NASA ve Pennsylvania State Üniversitesi gökbilimcileri, iki yakın büyük gökada, Büyük ve Küçük Macellan Bulutları’nın şimdiye kadar elde edilmiş en ayrıntılı morötesi verilerini elde etmek için Swift Teleskopu’ndan yararlandılar.
NASA’nın Goddard Uzay Uçuş Merkezi’nden Stefan Immler: “Çalışma sonucunda morötesi dalga boyunda aldığımız binlerce görüntüyü birleştirerek Macellan Bulutlarının en yüksek çözünürlükteki görüntüsünü elde ettik” diyor.
Immler ve ekibi Büyük Macellan Bulutu (BMB)’nun 160 mega piksel ve Küçük Macellan Bulutu (KMB)’nun 57 mega piksellik görüntülerini elde etti.
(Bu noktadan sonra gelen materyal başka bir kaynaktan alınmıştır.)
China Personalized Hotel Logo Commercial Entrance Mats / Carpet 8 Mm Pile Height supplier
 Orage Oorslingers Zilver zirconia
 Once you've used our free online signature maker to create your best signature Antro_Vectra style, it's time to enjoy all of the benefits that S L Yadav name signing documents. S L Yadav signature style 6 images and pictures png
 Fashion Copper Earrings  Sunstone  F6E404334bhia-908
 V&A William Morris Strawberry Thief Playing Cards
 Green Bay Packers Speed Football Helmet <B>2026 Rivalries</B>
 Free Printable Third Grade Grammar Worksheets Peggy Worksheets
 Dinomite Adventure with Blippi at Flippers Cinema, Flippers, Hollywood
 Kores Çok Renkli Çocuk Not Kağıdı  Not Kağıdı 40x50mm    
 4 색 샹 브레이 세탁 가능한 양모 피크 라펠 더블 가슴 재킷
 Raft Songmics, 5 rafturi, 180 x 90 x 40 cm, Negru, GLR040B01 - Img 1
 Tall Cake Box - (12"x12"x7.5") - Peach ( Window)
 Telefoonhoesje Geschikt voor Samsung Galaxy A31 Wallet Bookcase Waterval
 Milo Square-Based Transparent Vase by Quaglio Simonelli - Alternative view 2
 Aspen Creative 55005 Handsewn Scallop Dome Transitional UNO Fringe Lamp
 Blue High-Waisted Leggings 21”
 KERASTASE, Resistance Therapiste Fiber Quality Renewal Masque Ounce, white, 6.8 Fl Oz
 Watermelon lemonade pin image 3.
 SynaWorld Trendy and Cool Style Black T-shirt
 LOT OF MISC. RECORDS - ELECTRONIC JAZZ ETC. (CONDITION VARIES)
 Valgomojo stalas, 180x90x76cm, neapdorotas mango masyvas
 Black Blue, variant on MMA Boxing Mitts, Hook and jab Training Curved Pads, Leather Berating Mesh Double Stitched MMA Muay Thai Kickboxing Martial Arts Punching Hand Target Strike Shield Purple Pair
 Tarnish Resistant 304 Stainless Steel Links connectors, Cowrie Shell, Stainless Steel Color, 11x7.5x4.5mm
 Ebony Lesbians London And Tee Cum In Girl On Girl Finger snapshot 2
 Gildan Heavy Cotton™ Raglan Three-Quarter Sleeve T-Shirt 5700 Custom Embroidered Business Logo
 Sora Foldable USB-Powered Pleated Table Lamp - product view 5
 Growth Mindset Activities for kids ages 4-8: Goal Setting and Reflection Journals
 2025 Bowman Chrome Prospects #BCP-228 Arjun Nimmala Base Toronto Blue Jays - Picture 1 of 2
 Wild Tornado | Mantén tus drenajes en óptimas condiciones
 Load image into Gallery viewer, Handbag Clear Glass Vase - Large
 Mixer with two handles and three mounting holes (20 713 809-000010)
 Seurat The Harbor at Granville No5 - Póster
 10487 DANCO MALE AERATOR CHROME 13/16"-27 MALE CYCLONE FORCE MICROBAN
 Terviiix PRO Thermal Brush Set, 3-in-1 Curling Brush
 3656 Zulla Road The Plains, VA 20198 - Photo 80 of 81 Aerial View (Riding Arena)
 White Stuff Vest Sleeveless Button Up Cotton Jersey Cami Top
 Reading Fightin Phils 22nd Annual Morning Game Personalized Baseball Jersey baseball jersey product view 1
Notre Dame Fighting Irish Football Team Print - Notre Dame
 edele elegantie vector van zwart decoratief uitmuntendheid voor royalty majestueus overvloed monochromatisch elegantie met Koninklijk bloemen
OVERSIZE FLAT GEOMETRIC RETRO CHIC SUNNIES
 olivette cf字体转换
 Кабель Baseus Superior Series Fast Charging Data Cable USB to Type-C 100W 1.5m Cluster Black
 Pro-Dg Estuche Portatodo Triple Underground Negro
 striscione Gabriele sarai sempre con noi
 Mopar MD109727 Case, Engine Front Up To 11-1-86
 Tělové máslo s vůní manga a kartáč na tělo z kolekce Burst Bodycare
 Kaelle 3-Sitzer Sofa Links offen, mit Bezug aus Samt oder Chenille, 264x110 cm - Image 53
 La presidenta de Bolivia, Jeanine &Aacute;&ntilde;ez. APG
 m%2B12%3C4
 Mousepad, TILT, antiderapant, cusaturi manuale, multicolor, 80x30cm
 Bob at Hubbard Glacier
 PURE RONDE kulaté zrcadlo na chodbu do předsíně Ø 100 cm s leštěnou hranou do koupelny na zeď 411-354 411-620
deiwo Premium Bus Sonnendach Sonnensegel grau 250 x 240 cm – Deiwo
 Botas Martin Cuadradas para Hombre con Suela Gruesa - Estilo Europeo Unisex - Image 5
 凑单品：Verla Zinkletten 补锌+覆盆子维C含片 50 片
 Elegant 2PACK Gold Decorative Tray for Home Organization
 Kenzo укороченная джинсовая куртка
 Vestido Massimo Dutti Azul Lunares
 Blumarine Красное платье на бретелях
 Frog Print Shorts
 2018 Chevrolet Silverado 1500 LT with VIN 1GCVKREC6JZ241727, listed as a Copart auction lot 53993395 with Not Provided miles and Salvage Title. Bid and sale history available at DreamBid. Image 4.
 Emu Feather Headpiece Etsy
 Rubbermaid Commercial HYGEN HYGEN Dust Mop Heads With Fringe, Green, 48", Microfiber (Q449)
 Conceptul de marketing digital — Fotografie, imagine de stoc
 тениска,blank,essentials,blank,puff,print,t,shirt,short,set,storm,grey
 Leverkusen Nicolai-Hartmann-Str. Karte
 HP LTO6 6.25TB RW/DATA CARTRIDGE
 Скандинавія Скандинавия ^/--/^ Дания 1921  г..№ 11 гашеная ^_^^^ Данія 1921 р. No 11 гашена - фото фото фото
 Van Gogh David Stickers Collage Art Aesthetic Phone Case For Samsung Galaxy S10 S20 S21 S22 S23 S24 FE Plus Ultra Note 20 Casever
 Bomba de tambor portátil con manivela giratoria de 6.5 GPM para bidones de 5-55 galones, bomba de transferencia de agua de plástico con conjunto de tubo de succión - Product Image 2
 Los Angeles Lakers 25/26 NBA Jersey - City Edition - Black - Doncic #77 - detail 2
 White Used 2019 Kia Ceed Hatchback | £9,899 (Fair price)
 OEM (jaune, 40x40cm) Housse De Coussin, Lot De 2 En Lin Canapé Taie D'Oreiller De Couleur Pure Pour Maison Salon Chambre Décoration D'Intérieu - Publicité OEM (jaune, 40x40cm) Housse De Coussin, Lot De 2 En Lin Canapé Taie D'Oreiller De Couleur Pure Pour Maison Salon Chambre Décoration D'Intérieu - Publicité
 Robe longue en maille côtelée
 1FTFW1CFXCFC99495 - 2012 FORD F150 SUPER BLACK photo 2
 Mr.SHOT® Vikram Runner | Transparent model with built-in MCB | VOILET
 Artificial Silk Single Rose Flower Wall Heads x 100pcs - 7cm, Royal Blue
Yeni görüntüler BMB’ye ait yaklaşık 1 milyon ve KMB’ye ait 250 bin morötesi kaynağı ortaya koymaktadır. Görüntüler genelde Dünya atmosferi tarafından geçirilmeyen 1600 ile 3300 angström dalga boyu aralığındadır.
Swift Aracı Operasyon Merkezi’nden Michael Siegel: “Elimizde bu gökadalara ilişkin az sayıda morötesi verisi bulunuyordu. Hiçbiri bu kadar geniş alanları yüksek çözünürlükte göstermiyordu ve bu önemli bir eksiklikti” diyor.
BMB ve KMB sırasıyla 163 bin ile 200 bin ışık yılı uzaklıkta yer alan, Samanyolu’nun iki uydu gökadasıdır. BMB, Samanyolu’nun onda biri büyüklükte olup gökadamızın kütlesinin sadece yüzde biri kütlesindedir. KMB ise BMB’nin yarısı büyüklüğünde ve üçte ikisi kütlesindedir.
Bu denli küçük olmalarına karşılık gökyüzünde hatırı sayılır derece yer kaplamalarının nedeni bize olan yakınlıklarıdır. Her iki gökadaya ait görüntüler mor ötesinin 1928 angström, 2246 angström ve 2600 angström dalga boylarında alınan binlerce görüntünün karışımıdır.
Morötesi görüntüler gökbilimcilere normal yıldızlardan gelen ışığı karartarak sıcak yıldızları ve yıldız-oluşum bölgelerini gösterir. Swift ve Hubble Uzay Teleskopu birlikteliği daha derin, geniş ve çok daha dar alanların görüntülenmesini sağlar.
Büyük ve Küçük Macellan Bulutları Güney Yarıküre’de gece soluk bir şekilde parlarlar. Gökadalar 1519 yılında dünya çapında yelken açan Portekizli kâşif Ferdinand Magellan tarafından keşfedilmiş ve bundan dolayı onun adını almışlardır. O ve ekibi bu cisimleri gören ilk Avrupalılardır.